In »Mein Kampf« hatte Hitler diese Ansicht ganz klar zum Ausdruck gebracht. Man muß sich daran erinnern, daß »Mein Kampf« nicht einfach ein privates Tagebuch war, in dem Hitler seine geheimen Gedanken niedergelegt hatte. Vielmehr wurde dessen Inhalt von den Dächern geschrien. Es wurde in den Schulen und Universitäten, in der Hitler-Jugend, in der SS und in der SA und vom ganzen deutschen Volk gelesen. Ein Exemplar wurde sogar allen neugetrauten Ehepaaren überreicht. Im Jahre 1945 waren bereits über 61/2 Millionen Exemplare verbreitet. Der allgemeine Inhalt ist wohlbekannt. Immer und immer wieder unterstreicht Hitler seinen Glauben an die Notwendigkeit der Gewalt als Mittel zur Lösung internationaler Probleme, wie zum Beispiel in dem nachfolgenden Zitat:
»Den Boden, auf dem wir heute leben, erhielten unsere Vorfahren nicht vom Himmel geschenkt. Sie mußten ihn durch Lebenseinsatz erkämpfen. So wird auch uns in Zukunft den Boden und damit das Leben für unser Volk keine völkische Gnade zuweisen, sondern nur die Gewalt eines siegreichen Schwertes.« (»Mein Kampf« Seite 556, 2662-PS, US-256.)
»Mein Kampf« enthält zahlreiche derartige Stellen und die Gewalt wird offen als Instrument der Außenpolitik gepriesen. Die genauen Ziele dieser Politik der Gewalt sind gleichfalls in allen Einzelheiten dargelegt. Die allererste Seite des Buches enthält die Erklärung, daß »Deutschösterreich wieder zum großen deutschen Mutterland« zurück müsse, und zwar nicht aus wirtschaftlichen Gründen, sondern mit der Begründung, daß »gleiches Blut in ein gemeinsames Reich« gehöre.

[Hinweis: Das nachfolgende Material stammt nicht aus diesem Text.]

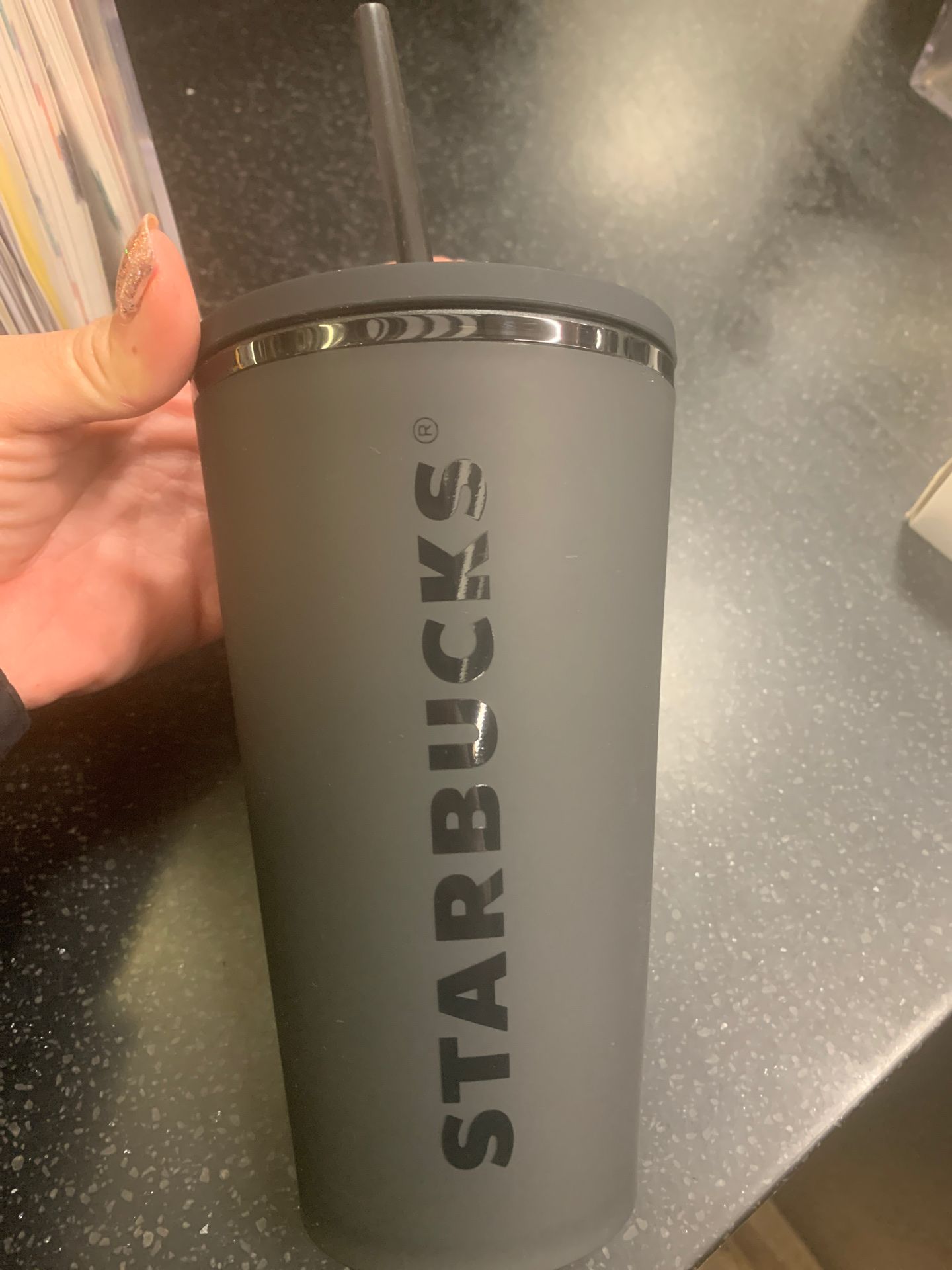 Starbucks Matte black cup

Die Wiedergewinnung der deutschen Grenzen von 1914 wird als gänzlich unzureichend erklärt, und wenn Deutschland überhaupt leben soll, muß es als Weltmacht auch die nötige räumliche Größe haben.
»Mein Kampf« wird sogar besonders deutlich bei der Erklärung darüber, wo dieser Gebietszuwachs zu finden sei.
»Damit ziehen wir Nationalsozialisten bewußt einen Strich unter die außenpolitische Richtung unserer Vorkriegszeit... Wir stoppen den ewigen Germanenzug nach dem Süden und Westen Europas und weisen den Blick nach dem Land im Osten. Wir schließen endlich ab die Kolonial- und Handelspolitik der Vorkriegszeit und gehen über zur Bodenpolitik der Zukunft.
Wenn wir aber heute in Europa von neuem Grund und Boden reden, können wir in erster Linie nur an Rußland und die ihm untertanenen Randstaaten denken« (»Mein Kampf«, Seite 743, 2662-PS, US-256).
»Mein Kampf« ist nicht lediglich als eine literarische Übung zu betrachten und ebensowenig als starre Politik oder als unabänderlicher Plan.
Seine Wichtigkeit liegt in der unmißverständlich aggressiven Haltung, die aus jeder Seite spricht.